Studying in Britain – for Shanti Behari Seth it would have been an obvious choice, as for many young, educated Indians. He was connected to the country through a cultural network based on family ties. And because of its colonial ties to India, he would have had an easy time with the language.
Seth’s family were not poor, but they were not rich enough to fund his preferred choice of studying in England. The young man opted instead for Berlin, although he could not speak a word of German and had been told the Germans were a harsh and not altogether welcoming people.
On his first night in the German capital he got hopelessly lost, mixing up Charlottenburg and Friedrichstraße train stations. But a passerby helped the confused young man and explained to him “in perfect English” where he needed to go. A good start in the strange city.
The story played out in 1931 and is taken from Vikram Seth’s epic double biography “Two Lives,” about his Indian great-uncle and his German-Jewish wife.
What offers itself as a model of great literature, because dramatic historical and personal developments are told through these two characters, could – and should – finally become an everyday occurrence in Berlin: Immigration from parts of the world traditionally connected with 20th century European colonial powers, whose people still prefer to move to big cities in their own countries.
And despite complaints over rising rents and gentrification, life in Berlin today is still much cheaper than in London. That could be one argument for families from those countries’ growing middle classes to send their children over here to study rather than to the UK.
Berlin’s hype alone is not enough
Germany needs more immigration, more people to work as skilled employees in companies, more people who start their own businesses, more people to pay into the country’s pension fund.
With its global attractiveness and high living standards, Berlin above everywhere else in Germany is best placed in the fight for the world’s brightest brains. It is not enough for Berlin to attract artists and creatives. The city needs technicians and business types if it is going to progress economically.
The main obstacle is probably the language. German is not a world language and never will be. The incentive worldwide to learn German is quite small. If we accept this as a fact without any cultural arrogance, it would be a smart next step for Berlin to switch over one of its three large universities strictly to English, the lingua franca of our time. Not even Chinese or Spanish is unlikely to unseat English any time soon.
All lectures and seminars could be offered in English. If this language barrier were removed, not only more students, but also more foreign researchers and lecturers would choose to come to Berlin.
Despite the global hype surrounding the city, the German capital is still not the international metropolis it could be two decades after the fall of the Berlin Wall.

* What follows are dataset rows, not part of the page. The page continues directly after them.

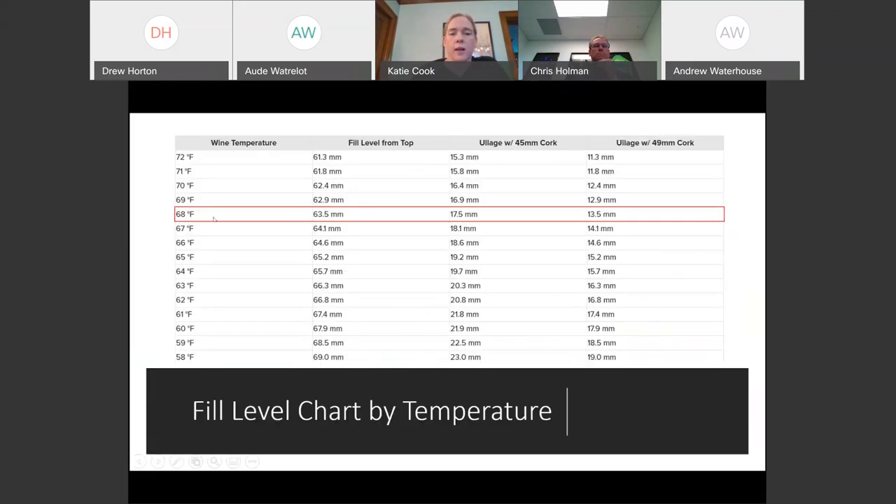You can find bottle charts on the Cork Quality Council website and on the Scott Labs website. Temperature differences matter significantly - bottle diagrams typically assume filling at 68 degrees. There's quite a big difference in head space - from 17 millimeters down to 23 millimeters with only a 10-degree difference in the wine. It's important to always check the temperature of the wine as you're filling.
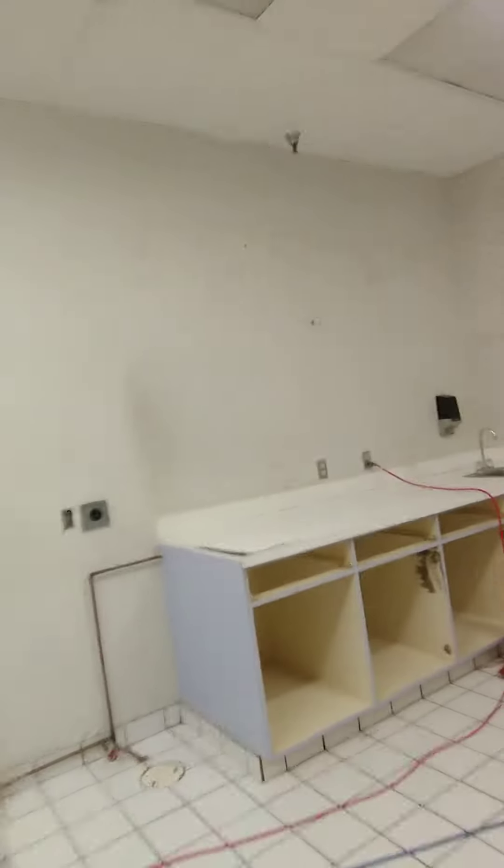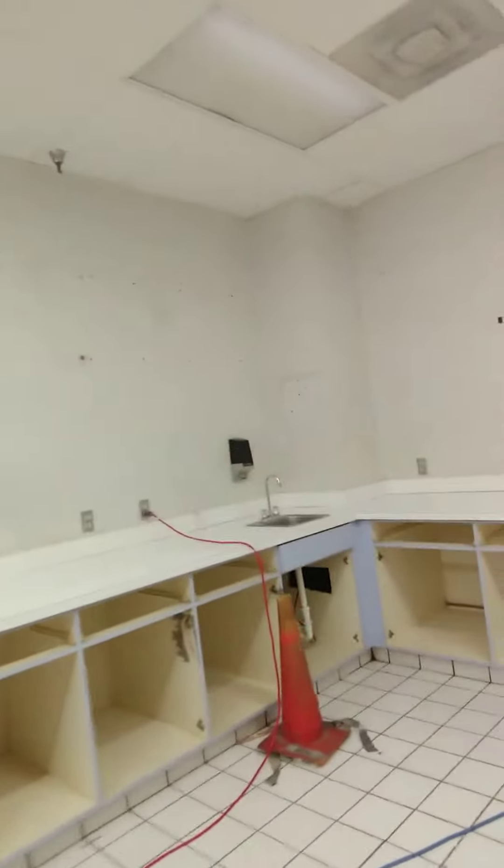Right now it's housing the pot machines, as you can see behind me. We've got some demo work to do and some painting and some flooring and all sorts of fun stuff.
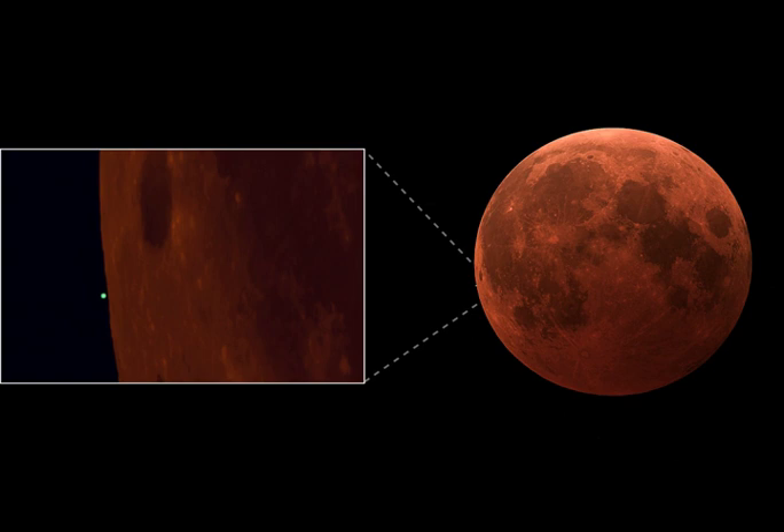Normally very faint compared to a full moon, the tiny, pale, greenish disk of the distant ice giant is just to the left of the moon's edge and about to disappear behind the darkened, red lunar limb.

“The city is full of students,” wrote American Clayton McCleskey in the Taggesspiegel when he was living in Berlin on a Fullbright Journalism scholarship. “But have you ever looked into the university canteen in the FU [Free University]? The students are practically all white. It can’t go on like this.”
Just how widespread this provincial attitudes towards outsiders in our supposedly hip 21st-century Berlin was described by the journalist Hani Yousuf in her blog under the headline: “Why I left Berlin for Karachi.”
As an educated and professional Pakistani woman, Yousuf said she had been mostly treated as an exotic foreigner and had cut a strange figure in “arty-bourgeois Berlin” in the almost exclusively white areas of the city in which she lived.
“Sometimes, I want to cover myself with a burqa,” she wrote, referring to how people would turn around to look at her.
An English university would be a first step toward making others like her a bit less exotic in Berlin.